Nel piccolo borgo, quei pochi rimasti, dopo l’esodo nella città, sostituiscono le porte di legno con quelle di ferro, che durano una vita. Metaforicamente, la chiusura totale e perenne agli altri.
Primo quadretto. Una classe in subbuglio, probabile sia la quinta elementare, entra un maestro, in ritardo, pedante e burbero, ma in fondo è un buono. Secondo quadretto. Il cortile di una casa di paese. Una donna che lava i panni alla fontana mentre un neonato piange nella culla ed una vecchia annaffia i fiori nei vasi. Terzo quadretto. Discorsi di due vecchi all’angolo di una strada, sulla educazione da dare ai ragazzi per formarli alla vita sociale, con punizioni immotivate e cadenzate nel tempo per incutere il timore dell’autorità, il senso della disciplina prima di tutto. E così via.

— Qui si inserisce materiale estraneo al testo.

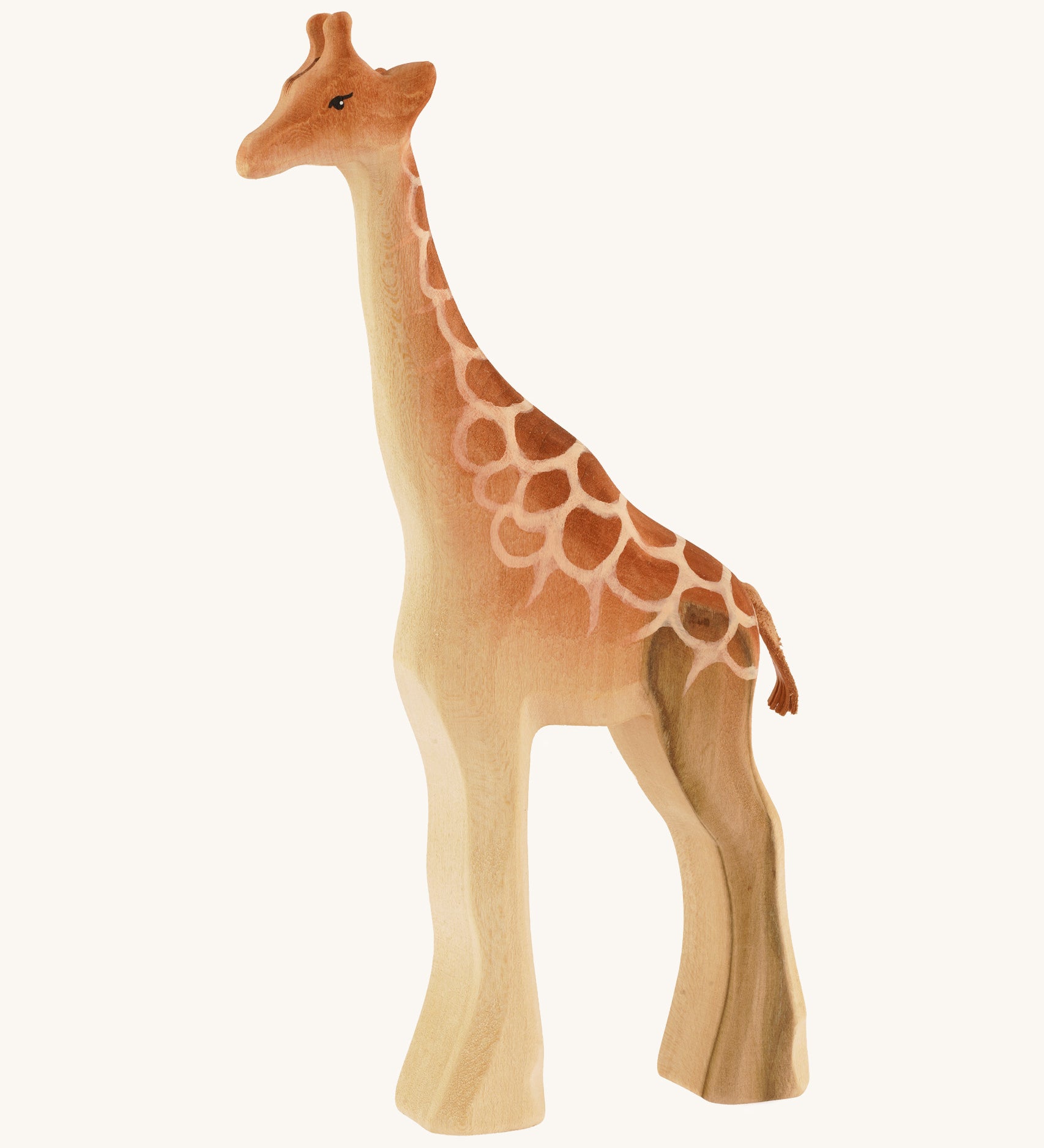 Male wooden standing giraffe on a cream background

La trama si riassume in una frase. Un quaderno da restituire all’amico che vive in un altro paese, che altrimenti il giorno dopo verrà espulso. Il periodo racchiude il gesto spontaneo di quella solidarietà primordiale che rende l’uomo diverso dalle bestie, dimenticato, invece, dagli adulti, persi nei loro affari, nelle occupazioni domestiche, nella quotidiana insoddisfazione di vivere per lavorare, di esserci per sopravvivere.

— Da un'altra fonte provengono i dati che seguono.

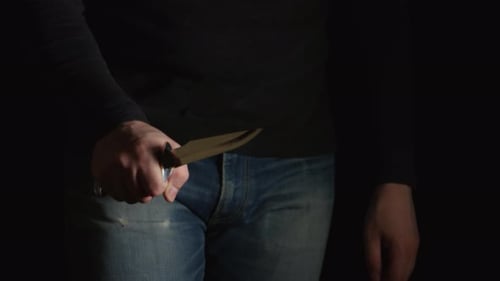 Danger man with a knife comes in the frame from a dark and moves on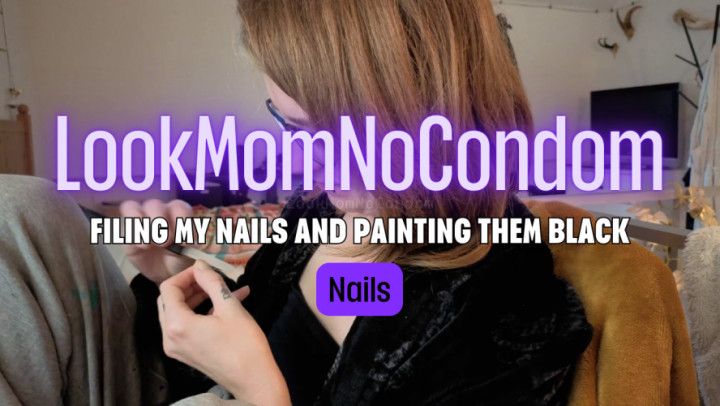 Filing my nails sharp and painting them black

Nel finale, il piccolo protagonista trova la casa dell’amico, tanto vanamente cercata durante tutto il film, non lontano da sé, nel sacrificio di una notte insonne in cui ha fatto i compiti per l’altro.

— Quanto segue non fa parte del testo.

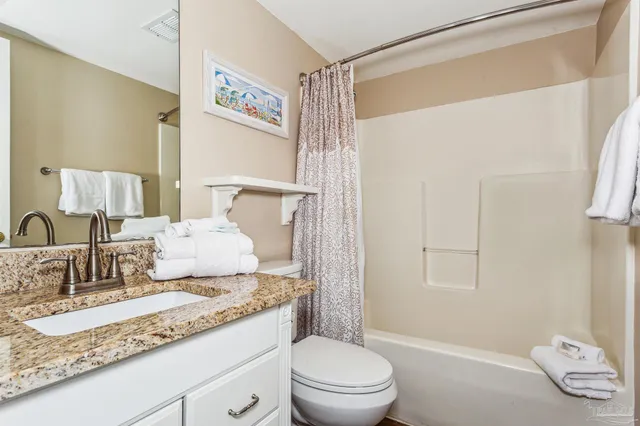 a bathroom with a granite countertop sink mirror vanity and toilet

Resta il fiore, donatogli dal falegname, che si scopre improvviso allo sguardo nell’ultima immagine, conservato tra le pagine del quaderno consunto dell’amico, a testimoniare il miracolo della bellezza, che si tramanda di generazione in generazione grazie alla sensibilità di pochi individui, forse i poeti, simbolicamente rappresentati dal vecchio artigiano, in un mondo altrimenti condannato all’abbrutimento e alla desertificazione morale.